• **What to do**
Below are the entries. Transcribe exactly the lines from the one with "Треугольник 13см 45°" through the one with "Sedia da scrivania", ends included, and leave out all others.

• **The data**
=-=-=-=-=
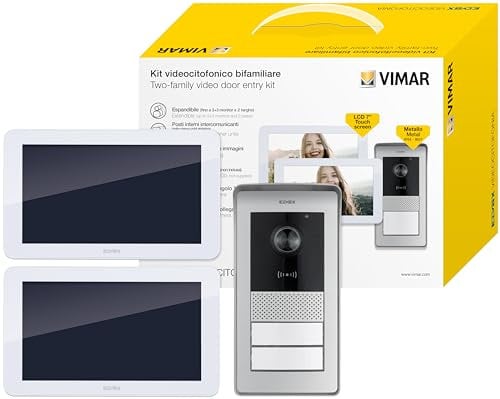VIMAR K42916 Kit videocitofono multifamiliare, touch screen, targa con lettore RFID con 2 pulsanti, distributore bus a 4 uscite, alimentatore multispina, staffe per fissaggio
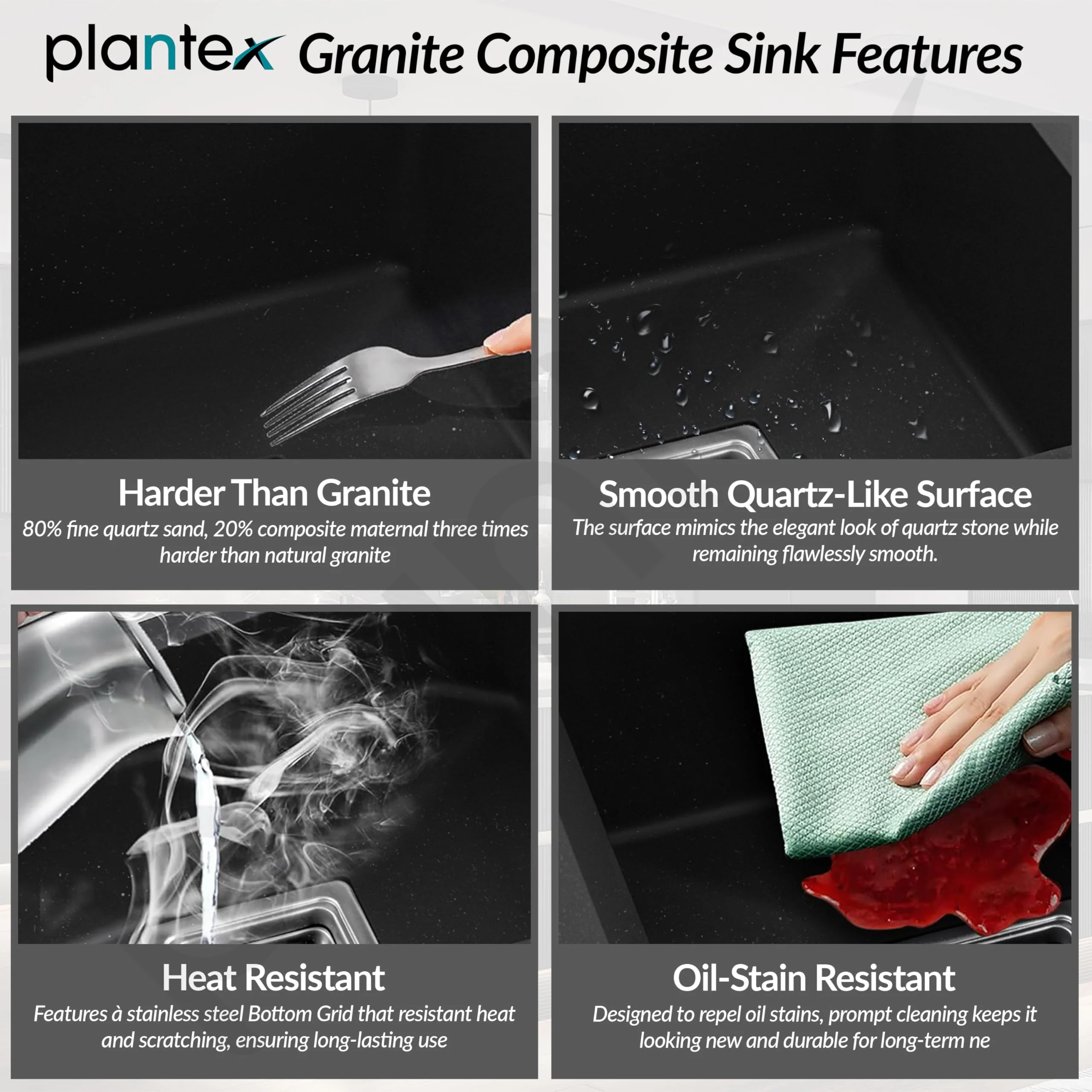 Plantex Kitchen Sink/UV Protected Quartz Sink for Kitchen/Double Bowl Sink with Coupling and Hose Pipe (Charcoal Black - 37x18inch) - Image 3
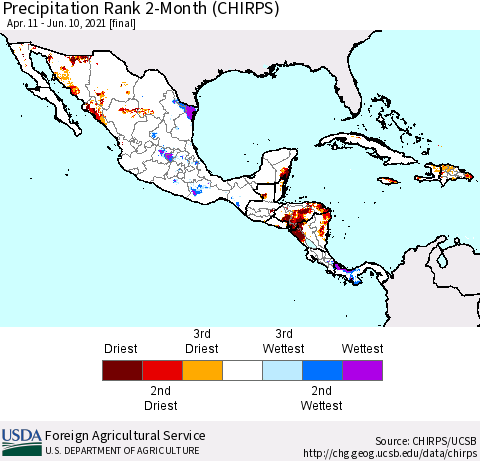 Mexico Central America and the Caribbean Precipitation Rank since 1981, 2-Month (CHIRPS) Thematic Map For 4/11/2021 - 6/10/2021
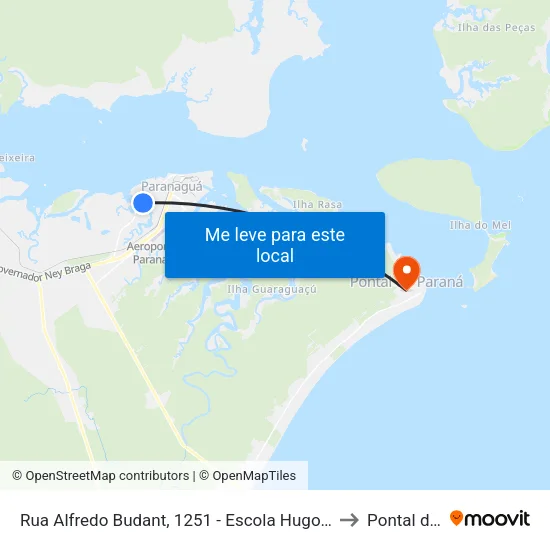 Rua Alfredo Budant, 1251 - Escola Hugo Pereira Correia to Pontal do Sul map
=-=-=-=-=
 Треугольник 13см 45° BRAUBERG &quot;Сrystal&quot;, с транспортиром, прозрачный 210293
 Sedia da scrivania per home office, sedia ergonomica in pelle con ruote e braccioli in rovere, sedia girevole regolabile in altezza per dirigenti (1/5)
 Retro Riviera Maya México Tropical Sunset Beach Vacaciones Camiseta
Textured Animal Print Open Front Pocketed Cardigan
=-=-=-=-=
• **Your response**
 Треугольник 13см 45° BRAUBERG &quot;Сrystal&quot;, с транспортиром, прозрачный 210293
 Sedia da scrivania per home office, sedia ergonomica in pelle con ruote e braccioli in rovere, sedia girevole regolabile in altezza per dirigenti (1/5)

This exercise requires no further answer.